The Second Circuit, unsurprisingly according to most commentators, has affirmed the decision of the Southern District of New York refusing to find eBay liable for contributory trademark infrintgement in the Tiffany v. eBay case. I have been following the case since before it was filed (yeah, bitter as usual!) and have written bunches of posts on it — see, look?
In terms of the Second Circuit opinion itself, you can find that here. If at some point I have something really original to say about it–after all the blogging is done by everyone else–you’ll be the first to know. But here’s a little roundup of “takes.” First, the WSJ Law Blog on the thrust of the story:
So long as eBay takes steps to remove listings it knows are bogus — and isn’t otherwise willfully blind to fraudulent sales — it can avoid liability, the court ruled. Judge Robert Sack, writing for the three-judge panel, seemed to hang his hat on the “market”:
We are disposed to think, and the record suggests, that private market forces give eBay and those operating similar businesses a strong incentive to minimize the counterfeit goods sold on their Web sites . . .

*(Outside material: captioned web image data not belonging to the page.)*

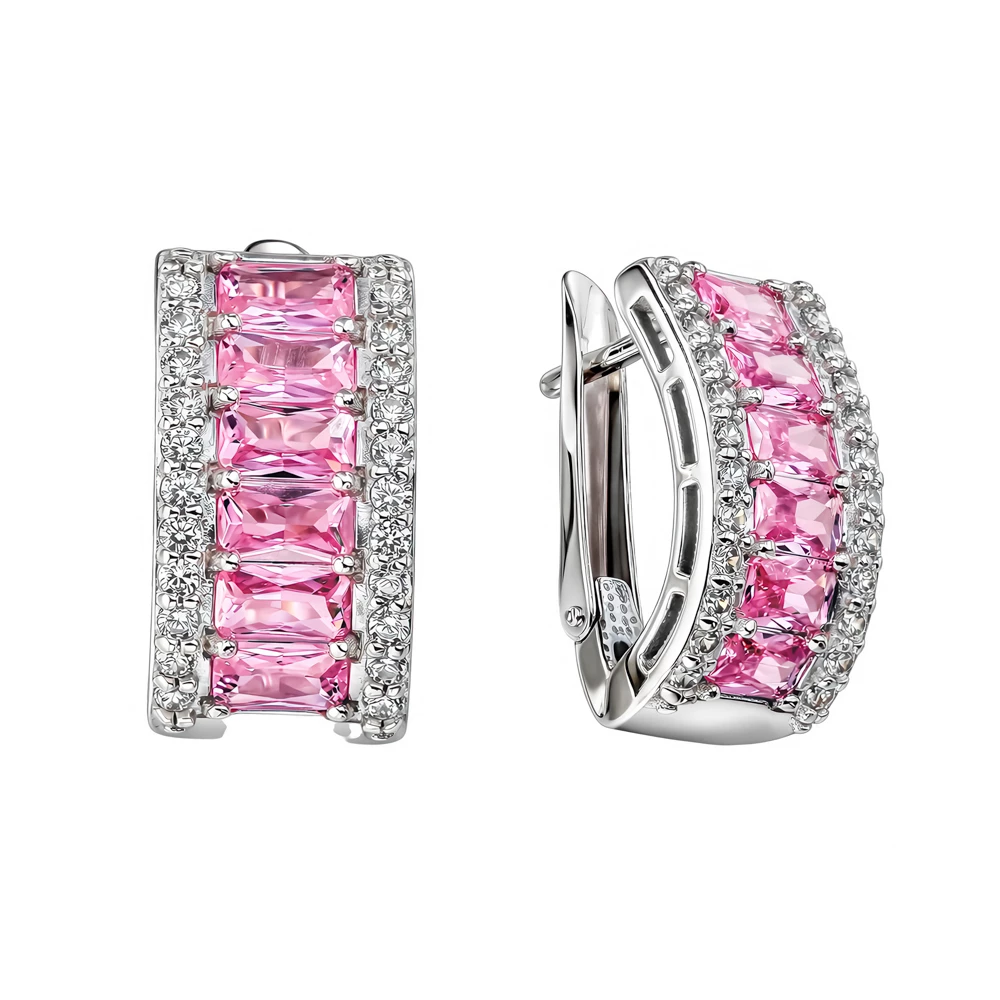 Серьги с фианитами из серебра 925 пробы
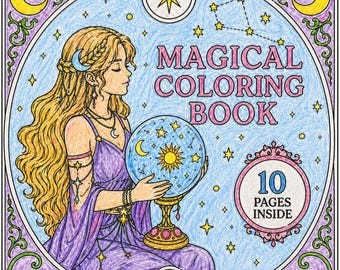 Libro mágico para colorear del zodíaco: arte fantástico del tarot y la astrología (PDF de 10 páginas)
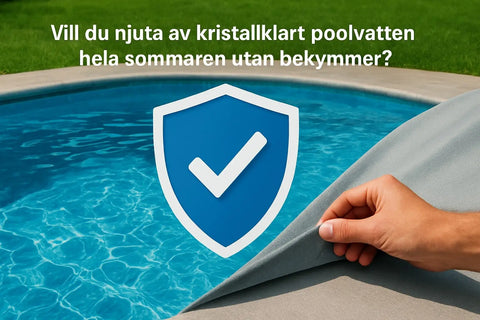 Blå sköldikon med vit bock vid klar pool för skyddat vatten hela sommaren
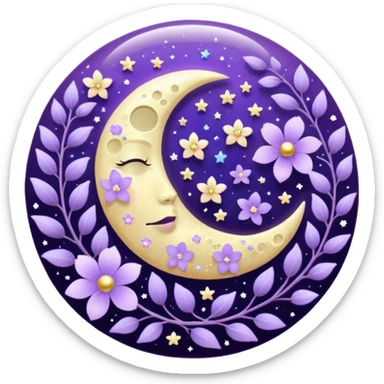 Beautiful poetic ethereal romantic aesthetic sparkly glittery shiny pretty floating pastel lilac lavender Violet moon and flowers and leaves aesthetic deco sticker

EBay received many complaints from users claiming to have been duped into buying counterfeit Tiffany products sold on eBay. The risk of alienating these users gives eBay a reason to identify and remove counterfeit listings. Indeed, it has spent millions of dollars in that effort. . . .
Tiffany had argued that eBay knew it had a problem with counterfeit items being listed on its Web site and did little to clean it up. EBay insisted the obligation rested with the New York jeweler to identify and alert it to auctions of counterfeit Tiffany silver jewelry.
But that’s not the whole story, exactly, though it mostly is. As Law.com’s Corporate Counsel explains:
The court sent the case back to the district level for more discussion of whether eBay may be guilty of false advertising because it promotes the presence of “Tiffany” products on its site in both direct advertisements and paid ads that pop up when users search for Tiffany on Google and other search engines.
Those ads could be deemed false, because eBay is aware that “a significant portion” of goods advertised as Tiffany items on eBay are actually counterfeit, the court said. (The exact percentage of counterfeit Tiffany items among all those advertised is in dispute). EBay has pointed out that its site contains a special “About Me” page for Tiffany (and controlled by Tiffany) in which users are told that any Tiffany item advertised for sale on eBay is likely to be a fake.
To win a false advertising claim, Tiffany will have to produce evidence that consumers were confused by the advertisements, the court said. So far, Tiffany has not produced that sort of evidence, which usually comes in the form of consumer surveys.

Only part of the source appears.